Ce sarcasme et la mise en doute des pouvoirs guérisseurs du défunt moine, canonisé par le Vatican en 1977 et dont le sanctuaire est un haut lieu de pèlerinage, ont ulcéré de nombreux chrétiens libanais. Le compte Messenger de Charbel Khoury s’est retrouvé noyé sous un flot d’insultes et de menaces, dirigées contre lui et ses sœurs.
Huit heures de garde à vue
Une journaliste du quotidien de gauche Al-Akhbar, Joy Slim, âgé de 26 ans, qui avait rebondi sur le post initial, en écrivant que « l’enfant ressemble peut-être à saint Charbel », a eu droit à un harcèlement du même genre, avec, en prime, la publication de l’adresse de ses parents. Les esprits se sont à ce point échauffés qu’un des collègues de Charbel Khoury a tenté de l’agresser sur leur lieu de travail. Cet acte a incité ce dernier à déposer deux semaines de congés et à limiter ses déplacements en dehors de son domicile.
Les autorités libanaises s’en sont alors mêlées, mais pas dans le sens espéré par les deux jeunes mécréants. Ce sont eux que la police a convoqués, au motif de faire retomber la tension, et non leurs tourmenteurs. En échange de sa libération, après huit heures de garde à vue, Charbel Khoury a dû effacer de sa page Facebook toutes les captures de messages menaçants qu’il avait postées. Il a également dû s’engager à ne pas utiliser Facebook pendant un mois et à s’abstenir dorénavant de tout commentaire sur la religion.

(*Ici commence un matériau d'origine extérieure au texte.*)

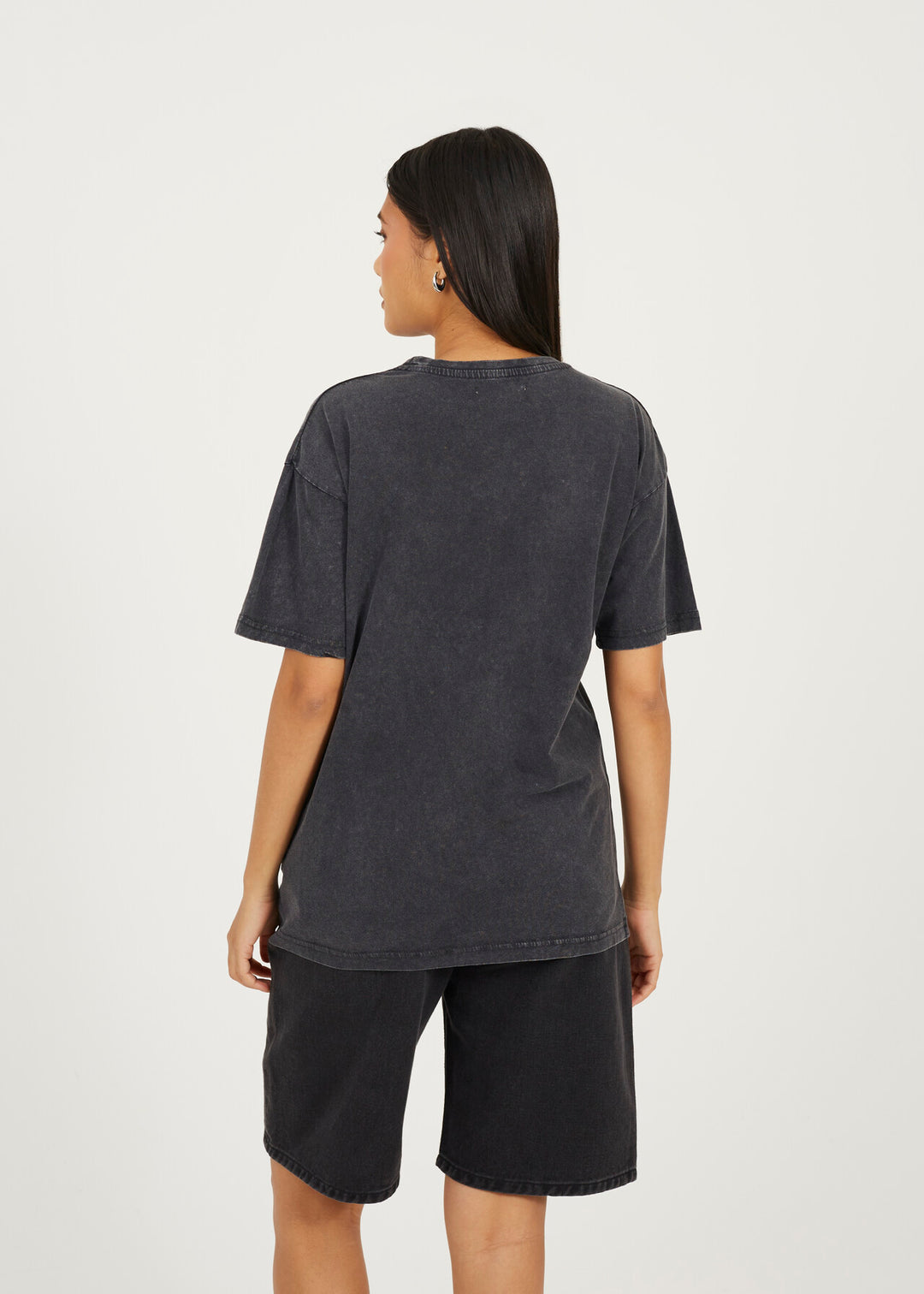 'MICHIGAN' GRAPHIC T-SHIRT, BLACK ACID WASH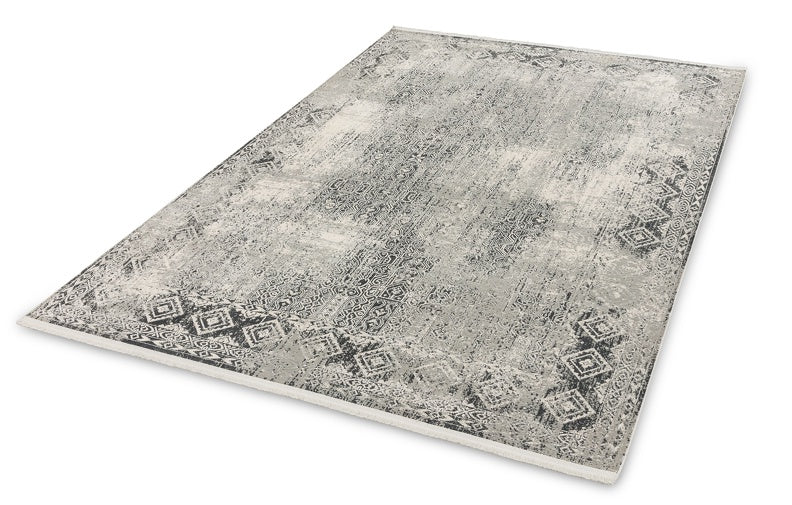 Positano - 203 004 - Bordüre grau/creme - schick gemusterter Kurzflor-Teppich, 4 Designs, 4 Größen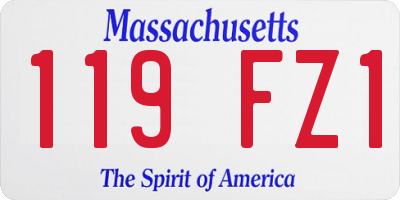MA license plate 119FZ1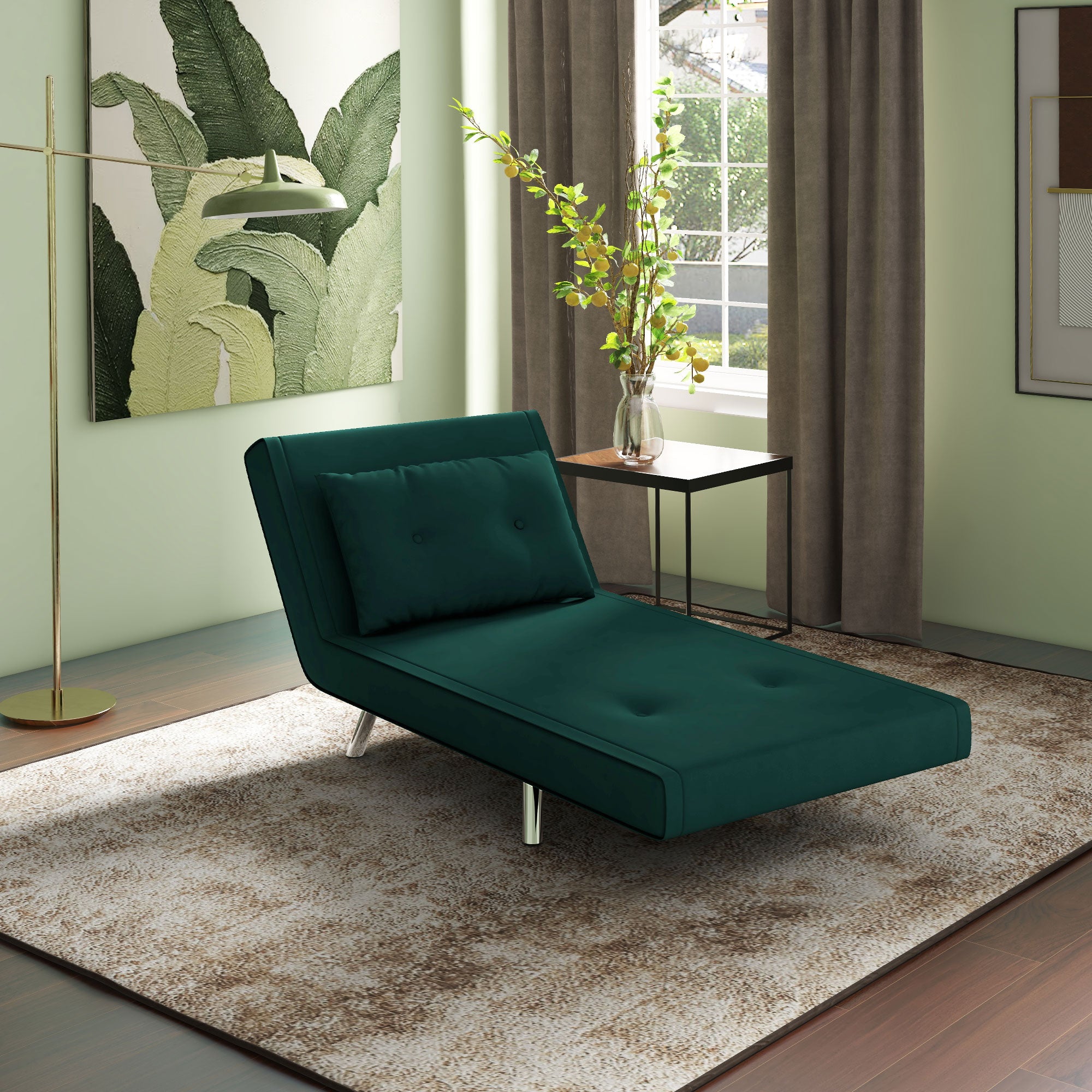 Sleeper Chair Folding Single Sofa Bed, Upholstered Velvet Look, Dark Green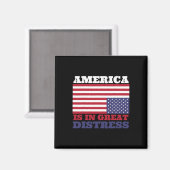 悩み素晴らしでアメリカ国旗を逆さ統一されたに マグネット (正面/裏面)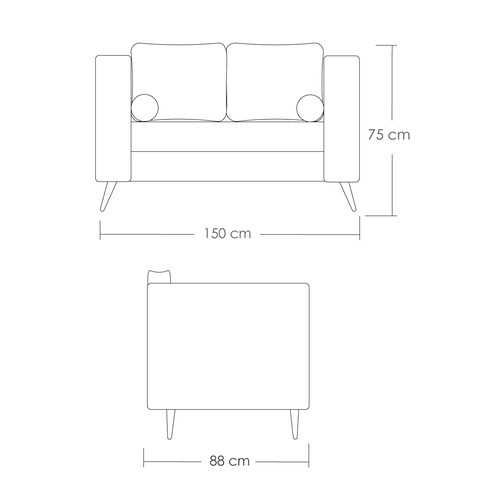 Sofá Berlín 2 Plazas Sillón Tela De Lino Moderno Minimalista (Gris oscuro)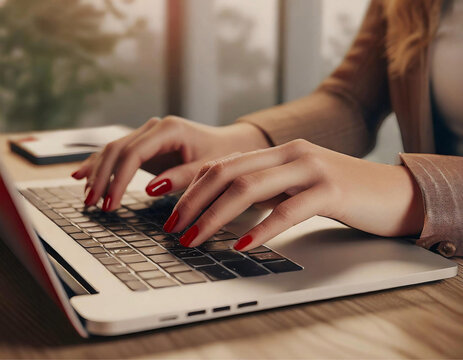 Detalhe de m&atilde;os femininas com unhas vermelhas, digitando no notebook.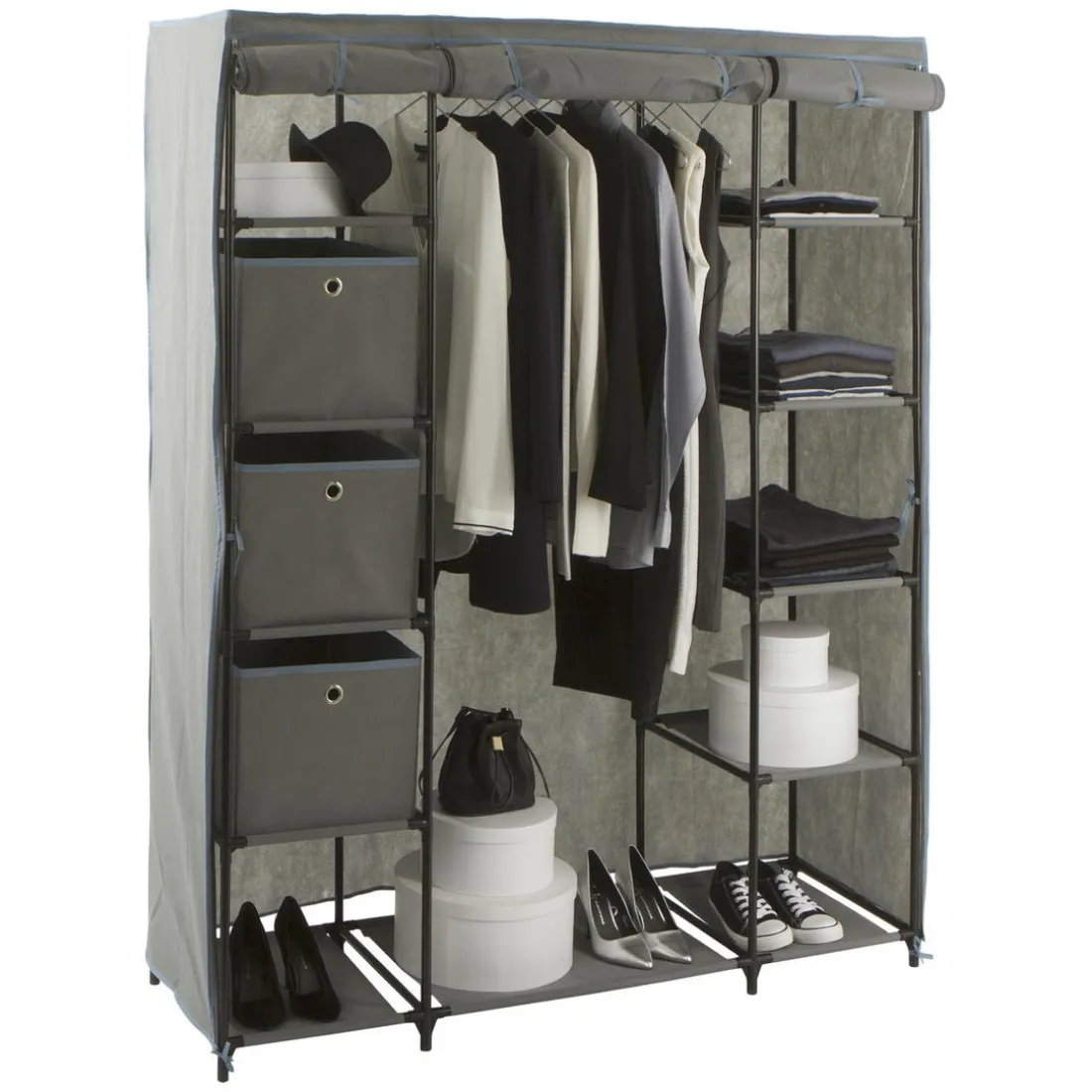 Armoire penderie 3 boîtes tissu gris anthracite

Même punition pour Joy Slim, qui a eu droit en plus à un sermon sur la foi et les miracles, versets de la Bible à l’appui. « Les agents m’ont dit que c’est le Centre catholique d’information [un organe de censure officieux] qui leur a demandé de nous convoquer, affirme la journaliste. Ça montre combien, au Liban, les religieux empiètent sur le travail de l’appareil d’Etat ».
« Chantage »
Les ONG de défense des droits de l’homme s’inquiètent pour leur part d’un rétrécissement de la liberté d’expression dans le pays du Cèdre. Un simple message sur les réseaux sociaux peut désormais suffire pour être convoqué par un service de sécurité. C’est ce qui est arrivé cette semaine à un militant de la société civile, en lutte contre un projet hôtelier en construction sur la dernière plage publique de Beyrouth.
Au mois de janvier, un adolescent de 15 ans avait eu droit à un interrogatoire, menotté et les yeux bandés, après avoir choisi comme photo de profil, sur WhatsApp, une image déplaisante pour le président Michel Aoun. Généralement, les personnes convoquées sont relâchées au bout de quelques heures après s’être engagées, par écrit, à taire leurs critiques. Une pratique « illégale », semblable à du « chantage », selon Amnesty International.